If you ask me, it is this kind of behavior that makes the work of real researchers harder, as the media is quick to paint all security researchers as clueless nerds who will put people at risk.

According to the article, the researchers already did as early as 2013. Auto manufacturers ignored the reports while continuing to pretend that their vehicles are secure.

If I were an auto manufacturer, I wouldn't wait until someone finds a wireless exploit (at which point it's too late to do anything about it before people die or are maimed unless I'm lucky enough for the zero-day to be found by a white-hat or grey-hat). I'd see those earlier reports, say "holy shit if we have one wireless bug, the whole car could be pwned", and start working on a better isolation of critical systems from internet-connected systems immediately.

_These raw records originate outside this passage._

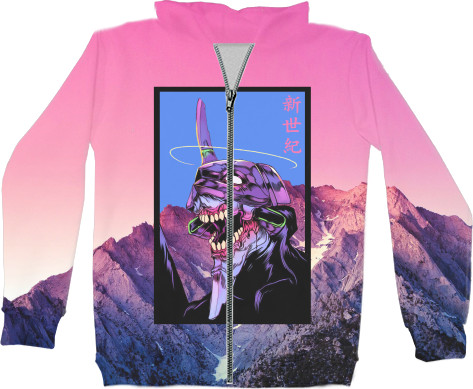 Unisex Zip-through Hoodie 3D - Evangelion 2 - Mfest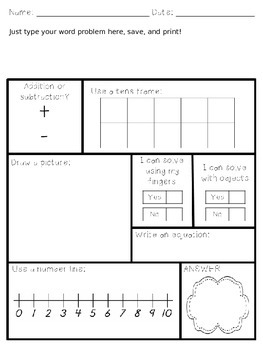 Preview of Word Problem Template - Addition and Subtraction within 10 - EDITABLE!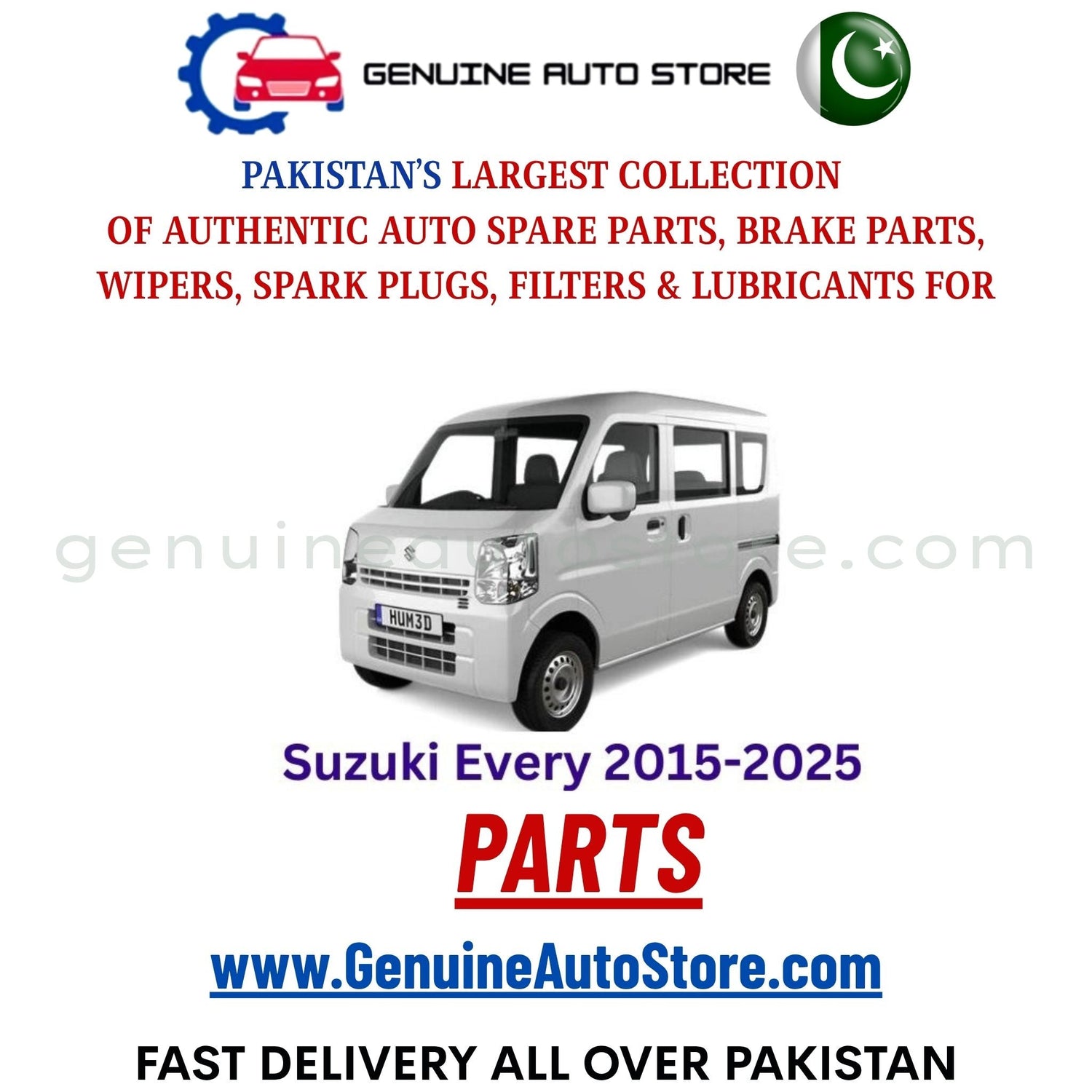 Original Suzuki Every 2015-2025 parts – brake pads, brake shoe, spark plugs, filters, wipers in Pakistan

Sure you do. This is why large businesses (smart ones, anyway) require employees' smartphones to be locked with a password or PIN. This is why standards like HIPAA require secure data to be encrypted at rest. This is why laptops being stolen from government agencies leads to things like millions of confidential records disclosed (true story).

And you're still missing my point: that the likes of Toyota and Ford are relying on their wireless systems being secure. That's reckless, since now their wireless systems are the single point of security failure. The lack of even basic safeguards, access levels, etc. should a breach occur is the point of this article, more so than the specific UConnect breach. Having only one layer between "secure" and "pwned" is by no measure a good idea.